Este tipo de instituições, a maior parte gerida pela igreja, surge então como um abrigo para estas mulheres (entre os 12 e os 40 anos) desamparadas, sem dinheiro e sem quaisquer apoios. Muitas vezes eram para lá empurradas por pressão das famílias, do pai das crianças e do clero. Fosse qual fosse a causa, estes abrigos surgiam como uma derradeira solução. Para além do estigma, as condições de vida a que eram sujeitas eram precárias e o parto podia ser uma experiência traumática para várias mulheres que tinham pouca ou nenhuma informação sobre o processo.
No relatório das Casas para Mães e Bebés constava que as irmãs de Bon Secours mantinham as crianças nestas casas até aos 5 anos de idade nos rapazes e 7 nas raparigas, o que ia contra o estipulado pelo Departamento de Saúde. Quando o município de Mayo decidiu retirar as crianças mais cedo de Tuam, as irmãs ameaçaram não aceitar os menores de Mayo. Esta ameaça foi compactuada com as autoridades locais. Um exemplo da capacidade de manipulação do sistema que a igreja tinha.
De facto, o medo continuou a fazer parte do modus operandi da igreja católica na Irlanda até muito tarde. Nos anos 70 houve um referendo que reduziu significativamente a capacidade de influência no poder político, mas não foi suficiente para acabar com o seu poder patriarcal. Por exemplo, quase uma década depois ainda era a igreja que fazia o currículo da educação sexual nas escolas.
De acordo com o relatório, atualizado a 12 de janeiro, instituições como estas existiam em vários países, mas a Irlanda era o país com a maior taxa de mães solteiras. Das instituições investigadas, foram cerca de 56.000 as mães solteiras que recorreram a estas casas.
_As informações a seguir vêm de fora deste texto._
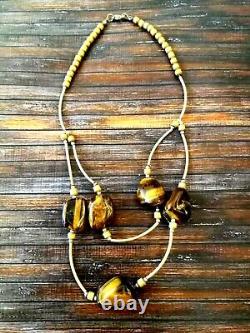 Jewelry necklace pendant precious stone tiger eye gold collier vintage ethnic by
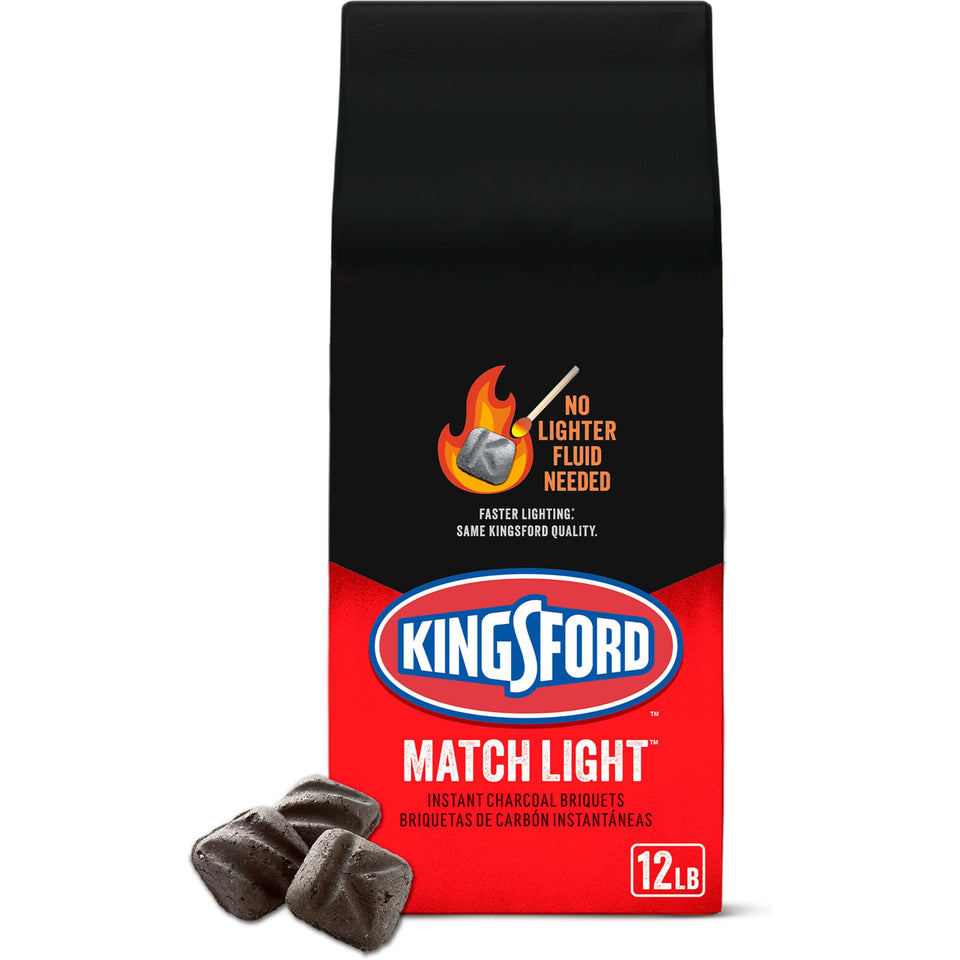 Kingsford Match Light briquettes packaging shown for quick grilling setup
Como morriam estas crianças?
A mortalidade infantil era alta, no entanto, nas crianças “ilegítimas”, a taxa era significativamente maior. Segundo o relatório, 15% das crianças que nasciam e viviam nestas instituições morriam. Não há indícios nenhuns das crianças terem sido assassinadas, no entanto, sabe-se que estas casas não tentavam salvar a as vidas das crianças. As análises feitas aos restos mortais permitem agora perceber que a causa de morte mais comum foi a má nutrição.
A maior parte das instituições sob investigação não fizeram o registo dos enterros. No caso de Tuam, existiam certidões de óbito, mas nenhum registo sobre os funerais e esta foi a primeira pista para se saber que as crianças foram enterradas numa vala comum, o que se confirmou pelas escavações feitas.
Reação do governo
Na sua conta do Twitter, o primeiro-ministro irlandês Michéal Martin descreveu o relatório final das Casas para Mães e Bebés como “um capítulo sombrio e vergonhoso da história recente da Irlanda”
“Nós fizemos isto a nós próprios, como uma sociedade – nós tratámos excecionalmente mal as mulheres; nós tratamos excecionalmente mal as crianças”, diz Martin, no pedido de desculpas oficial. “Nós tínhamos uma atitude distorcida da sexualidade e da intimidade e as jovens mães e os seus filhos foram obrigados a pagar um preço terrível”.
“O mais impressionante foi a falta de bondade básica”, conclui o governante.